Grand Theory in Folkloristics Paperback / softback
Edited by Lee Haring
Part of the Encounters: Explorations in Folklore and Ethnomusicology series
Why is there no "Grand Theory" in the study of folklore?
Talcott Parsons (1902-1979) advocated "grand theory," which put the analysis of social phenomena on a new track in the broadest possible terms.
Not all sociologists or folklorists accept those broad terms; some still adhere to the empirical level.

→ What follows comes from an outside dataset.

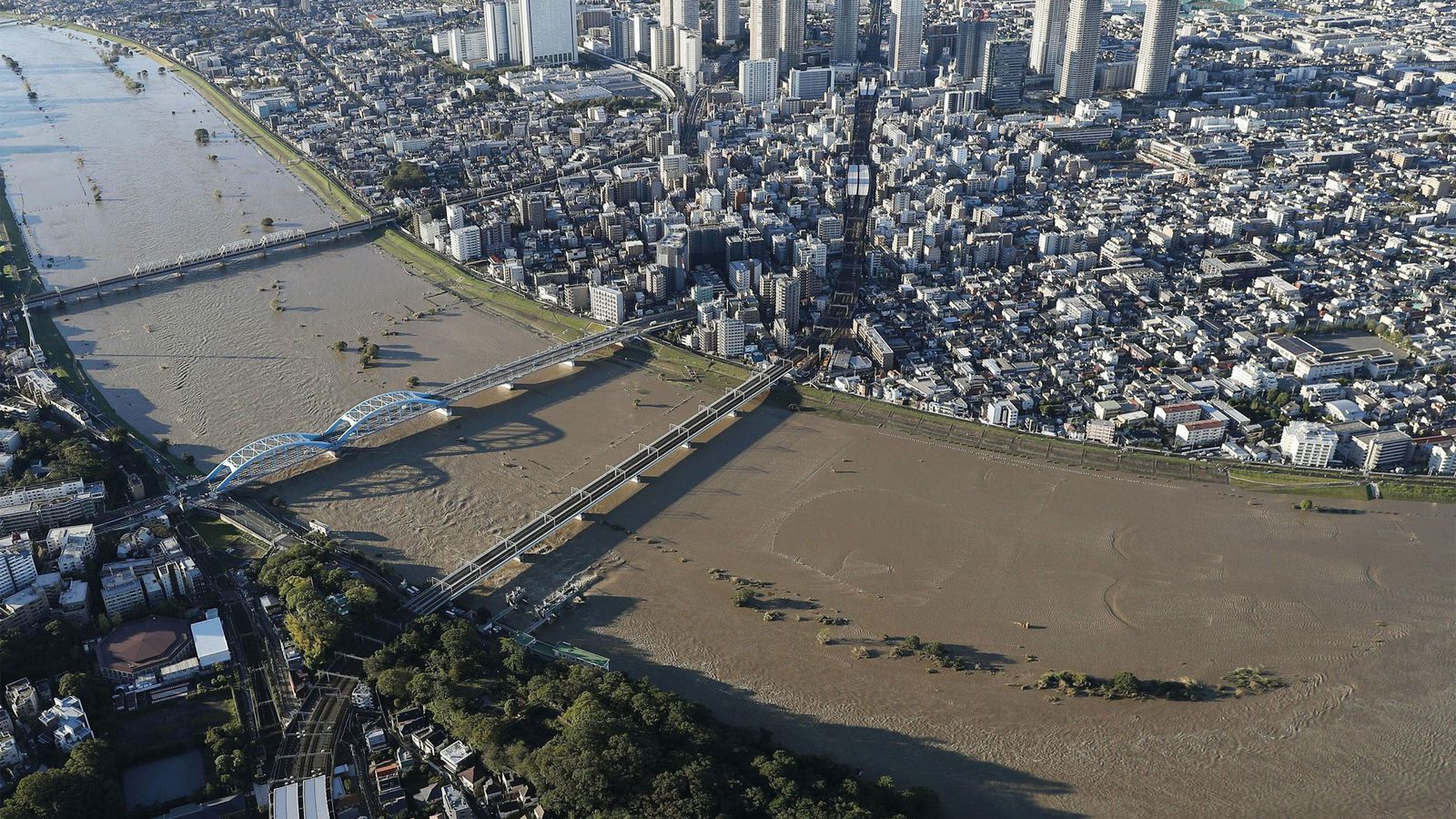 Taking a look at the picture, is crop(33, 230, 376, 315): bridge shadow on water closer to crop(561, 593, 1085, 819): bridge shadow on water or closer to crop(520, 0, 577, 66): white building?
crop(561, 593, 1085, 819): bridge shadow on water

Through a forum sponsored by the American Folklore Society, the diverse answers to the question of such a theory arrived at substantial agreement: American folklorists have produced little "grand theory." One speaker even found all the theory folklorists need in the history of philosophy.
The two women in the forum (Noyes and Mills) spoke in defense of theory that is local, "apt," suited to the audience, and "humble"; the men (Bauman and Fine) reached for something Parsons might have recognized.
The essays in this collection, developed from the forum presentations, defend diverse positions, but they largely accept the longstanding concentration in American folkloristics on the quotidian and local.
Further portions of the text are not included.